The following post is for Mature Audiences only. That means if you are under 18, bookmark this item and come back when you get old enough.
I say that not because we're talking about a lot of money -- don't be too surprised if in the near future we hear about the first under-18 billionaire -- but because we're talking about foul language.
Now don't get me wrong. You could find language 10 times fouler on TV just about any night, or in a wide variety of PG-rated movies.
But in copy, the world is a little more conservative.
Uh... make that was a little more conservative.
My both-guns-blazing mentoring client, copywriter Vin Montello, recently wrote a sales letter with some pretty sassy language in it. The old rules of copy said, "don't cuss."
Vin thought that approach for this product and to this market - young people (20s - gen y) who have had it up to here with bogus claims about Internet marketing... and can be sold by straight, even crude, talk that acknowledges their frustration and offers a hard-core, no-punches-pulled alternative.
Before I give you the sales numbers on this letter (which pencils out at somewhere between half a million and three-quarters of a million dollars in four days), let me show you the first few paragraphs. The letter is no longer online, for an interesting reason I'll cover very soon. I got Vin to send me the code and I put up an image of the first version on my site. To see it, click here.
The first version of this letter went to a house list. "1000 sales in 90 minutes," Vin writes in an email. "Somewhere between 4000 and 5000 in 4 days."

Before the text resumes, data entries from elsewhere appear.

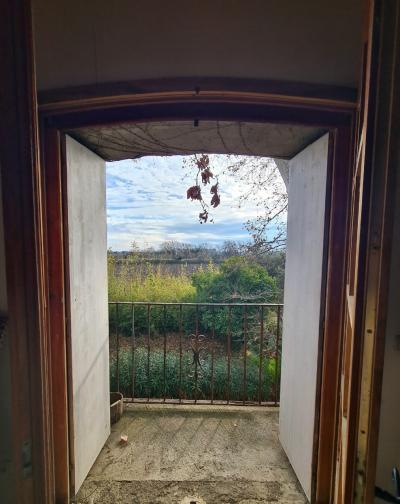 Former Wine Domain In The Heart Of The Vineyards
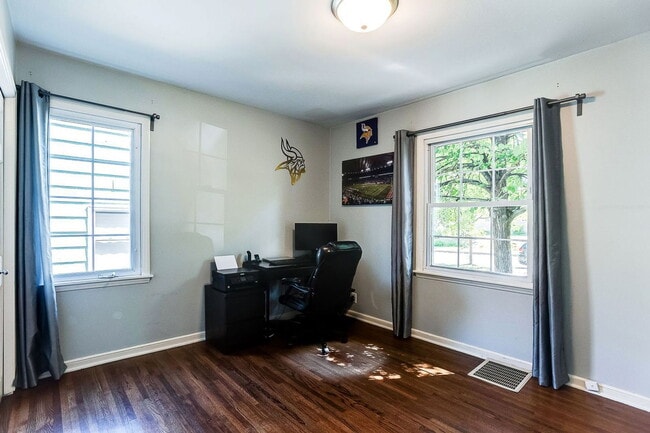 Building Photo - 3020 Maryland Ave S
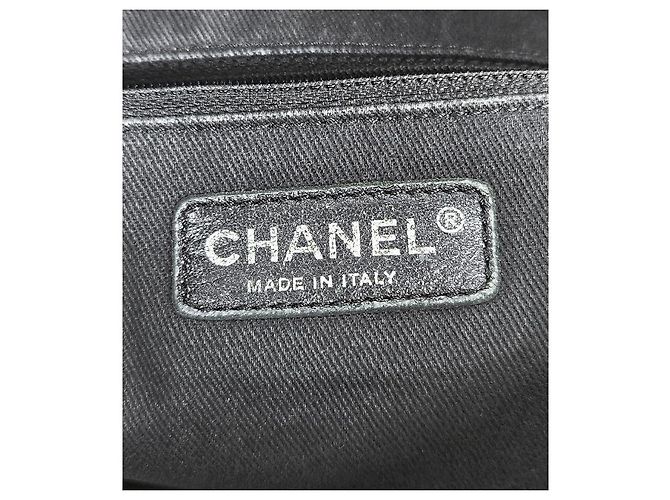 Chanel Borsa a tracolla CC traforata nera Nero - vista 12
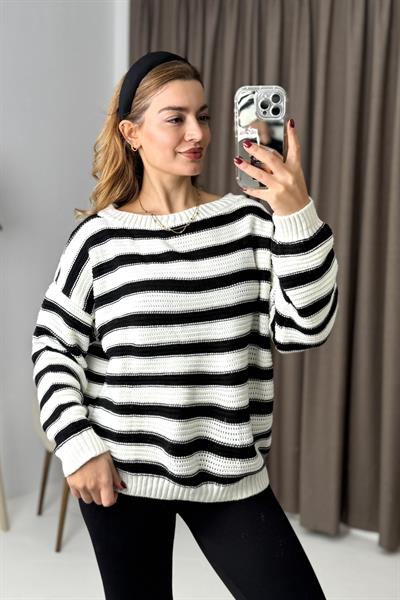 Yarasa Kol Salaş Triko Kazak Beyaz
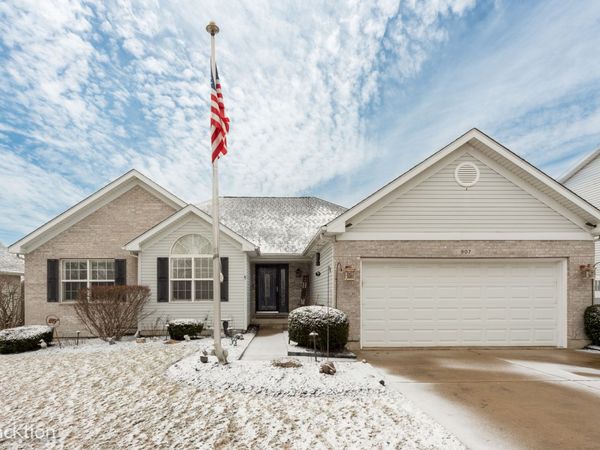 907 E Broadway Avenue , Winthrop Harbor, IL 60096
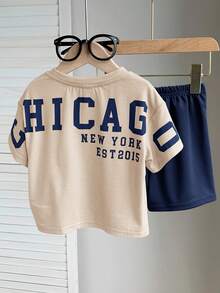 SHEIN Set de 2 piezas de top de manga corta con gráfico de letras y pantalones cortos de cintura elástica, estilo coreano casual y lindo para bebé niño en verano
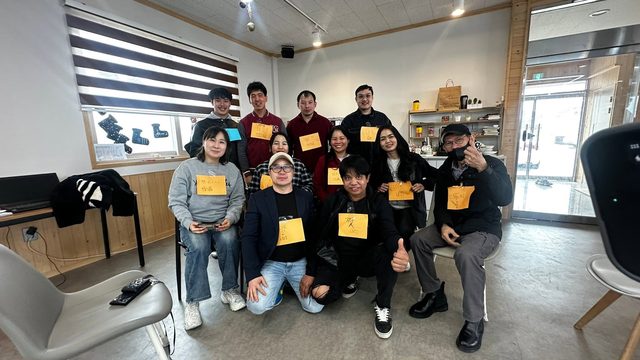엄지 올리며 웃는 단체 사진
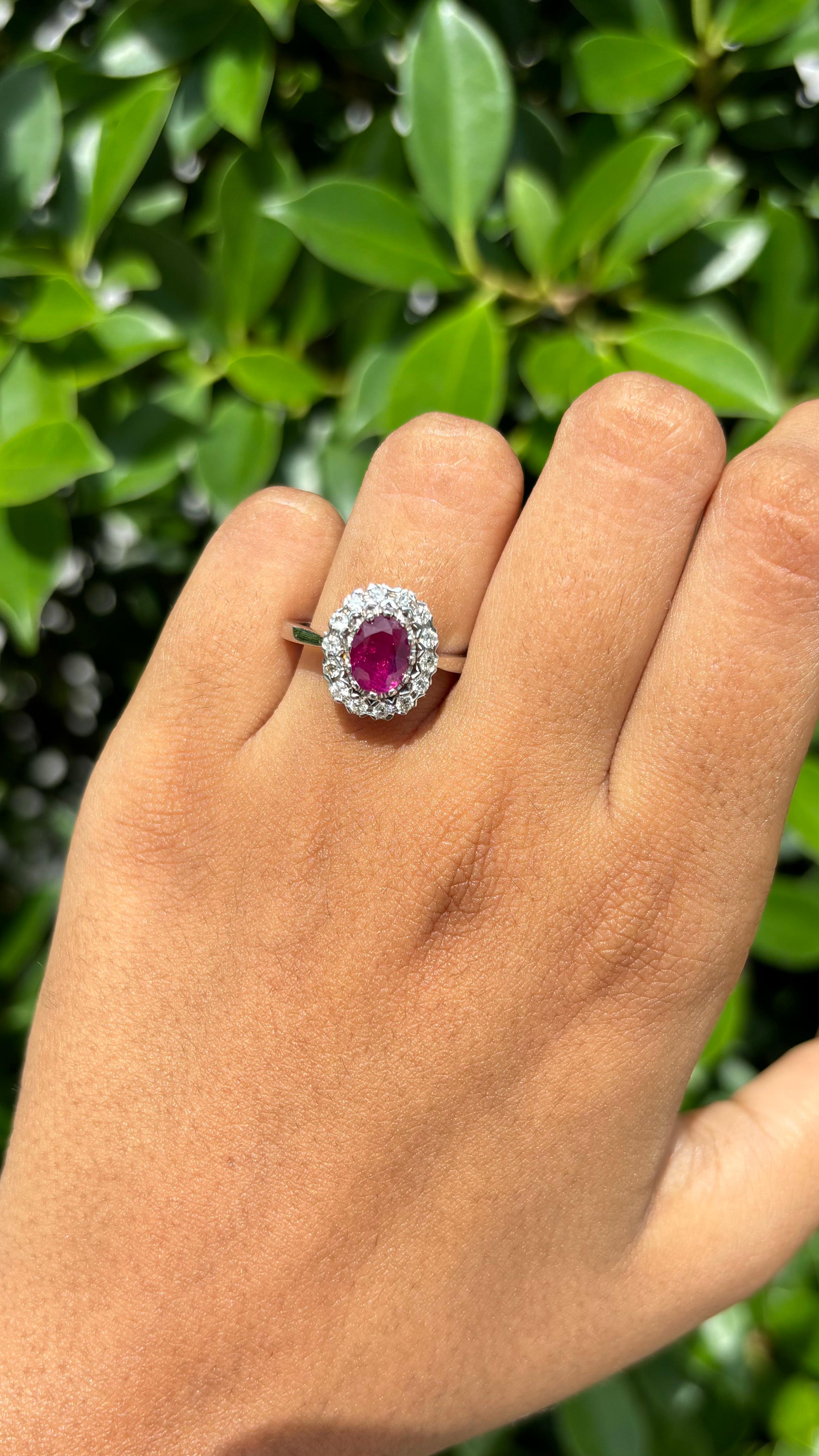 1.90 Carat Ruby & OMC Diamond studded Ring in 18K White Gold For Sale 2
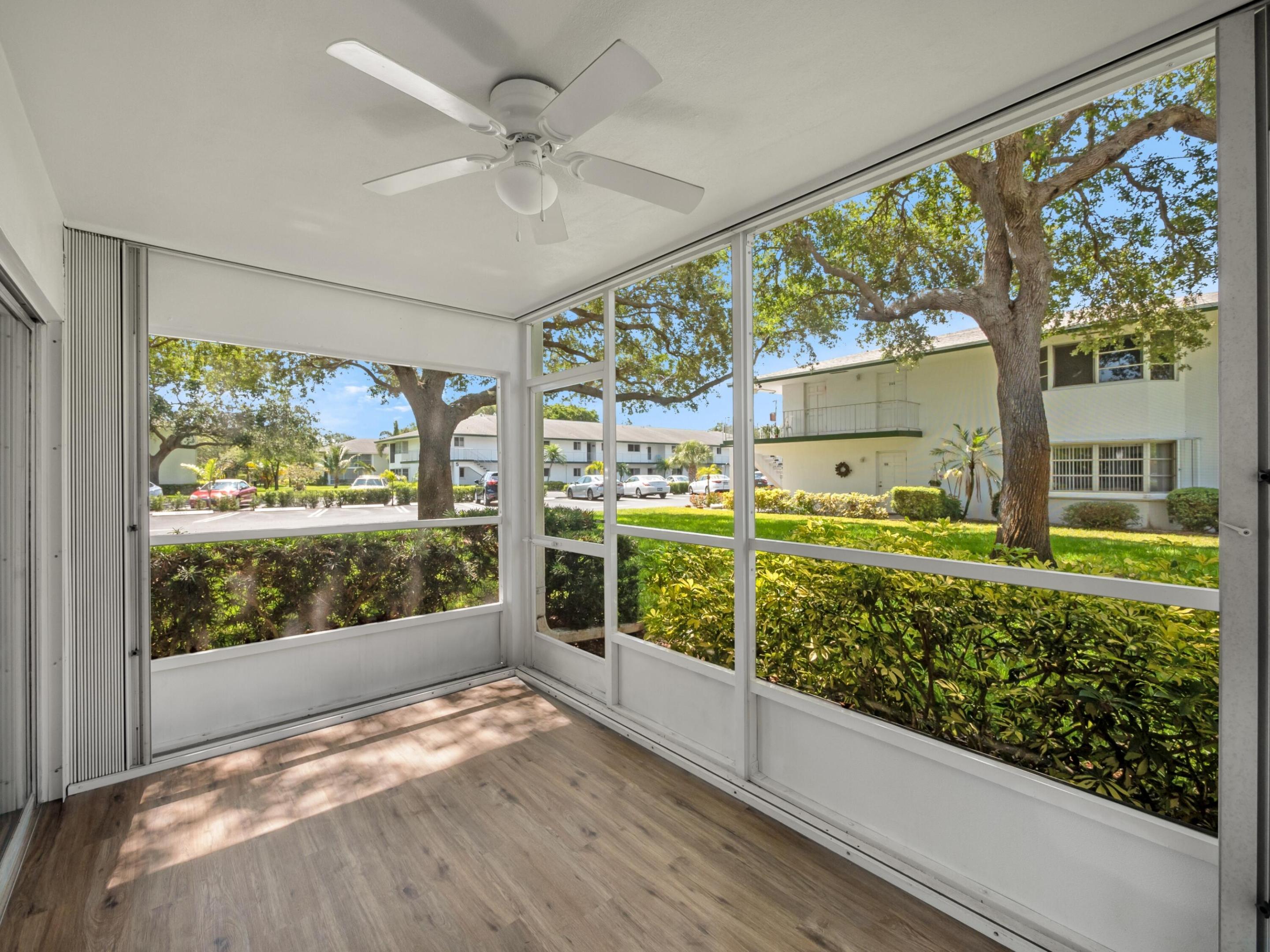 9 Westwood Avenue 105b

The product was $77. There was an upsell for $67 additional, and more than 50% of buyers opted for the upsell.
Now, here's the kicker...
The blue-nose censor in this drama turns out to be my old friend Clickbank. (I say "old friend" because I've made enough from Clickbank to buy a small house... though not in San Francisco!)
What happened was when Clickbank saw words like "bullsh*t" and phrases like "make Google your b*tch," they wagged their corporate finger and said, "no, no, no."
Something about this letter didn't pass their standards. So Vin's client dutifully made the required alterations and got the letter approved. It is still making handsome heaps of money today.
You can see the revised, "cleaned up" version at www.projectblackmask.com
A question to think about: Will this work for your market? Probably not. But I think the important point is that while the essence of human nature changes very little over time, rules and assumptions about what works in copy are changing all the time. Keep your eyes open and your ear to the ground.